DNA methylation involves the transfer of methyl groups from S-adenosylmethionine to cytosines in CpG dinucleotide sequences. The methylation patterns of CpG sites are created and maintained by a family of DNA methyltransferases (DNMT1, DNMT3A, and DNMT3B) and can be reversed by ten-eleven translocation (TET) enzymes (Moutinho and Esteller, 2017; Pfeifer, 2018). Hypermethylation is associated with gene repression, and hypomethylation with gene activation (Morlando and Fatica, 2018). Alterations of methylation patterns play an important part in regulating gene activity during embryogenesis, gametogenesis, and cellular differentiation (Goldberg et al., 2007; Pfeifer, 2018). In many types of cancer, global hypomethylation has been observed at repetitive genomic regions, leading to genomic instability, in combination with hypermethylation at specific CpG-rich islands in the promoters of key tumor suppressor genes (Pfeifer, 2018; Morlando and Fatica, 2018; Thomas and Marcato, 2018; Ramassone et al., 2018).

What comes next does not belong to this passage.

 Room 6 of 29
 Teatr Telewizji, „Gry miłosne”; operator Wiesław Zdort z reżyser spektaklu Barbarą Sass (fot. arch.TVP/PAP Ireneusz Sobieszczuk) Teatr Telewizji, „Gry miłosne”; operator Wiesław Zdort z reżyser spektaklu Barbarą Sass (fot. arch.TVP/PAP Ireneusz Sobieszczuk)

Histone (H) proteins organize chromatin into structural units called nucleosomes, which consist of DNA wrapped around an octamer of H2A, H2B, H3, and H4 core histones connected by linker DNA and stabilized by H1 (Hergeth and Schneider, 2015). Epigenetic events usually include covalent modification of amino acids from the H3 and H4 tails (Cheng and Blumenthal, 2010; Iorio et al., 2010; Moutinho and Esteller, 2017). These changes represent the so-called “histone code,” which affects the conformation of the chromatin fiber, regulating the switch between euchromatin (transcriptionally active) and heterochromatin (transcriptionally inactive) (Moutinho and Esteller, 2017). Histone modifications are mediated by histone acetyltransferases (HATs), histone deacetylases (HDACs), histone methyltransferases (HMTs), and polycomb repressive complex 2 (PRC2) (Moutinho and Esteller, 2017; Thomas and Marcato, 2018). Several studies have shown an interplay between DNA methylation and histone modifications in determining the transcriptional status of a gene (Fuks et al., 2000; Johnson et al., 2002; Fuks et al., 2003; Weber et al., 2007; Cheng and Blumenthal, 2010).

Non-coding RNAs (ncRNAs) are transcribed from DNA but not translated into proteins. Although not all categories of ncRNAs can be classified as epigenetic factors, several types have been shown to control epigenetic mechanisms and, in turn, to be regulated by the epigenetic machinery (Goldberg et al., 2007; Iorio et al., 2010; Collins et al., 2011; Peschansky and Wahlestedt, 2013; Ramassone et al., 2018). The classes of ncRNAs that are epigenetically related are long non-coding RNAs (lncRNAs) and three types of short non-coding RNAs: microRNAs (miRNAs), short interfering RNAs (siRNAs), and Piwi-interacting RNAs (piRNAs) (Collins et al., 2011; Peschansky and Wahlestedt, 2013). However, the data available on CD36 regulation by ncRNAs show an involvement of the latter only in post-transcriptional mechanisms controlling CD36 mRNA levels, with no input from the epigenetic machinery.

DNA Methylation of CD36

The human CD36 gene presents several promoter sequences and distal cis-regulatory elements, which contain a number of CpG sites (Mikkelsen et al., 2010). Changes in CpG methylation patterns in the CD36 promoters have been studied more extensively in relation to lipid metabolism and associated disorders. One study investigated the impact of CD36 promoter SNPs and DNA methylation sites on postprandial lipid uptake and clearance in adipose and heart tissue (Love-Gregory et al., 2016). Several SNPs were associated with higher chylomicron (CM) remnants and LDL particle numbers, as well as a delayed triglyceride (TG) clearance, and some of them also correlated with lower CD36 mRNA levels and aligned to binding sites for PPAR-γ. Furthermore, the SNPs negatively related to CD36 level were associated with methylation at several CpG sites, although the two factors seem to function independently in regulating CD36 mRNA expression (Love-Gregory et al., 2016).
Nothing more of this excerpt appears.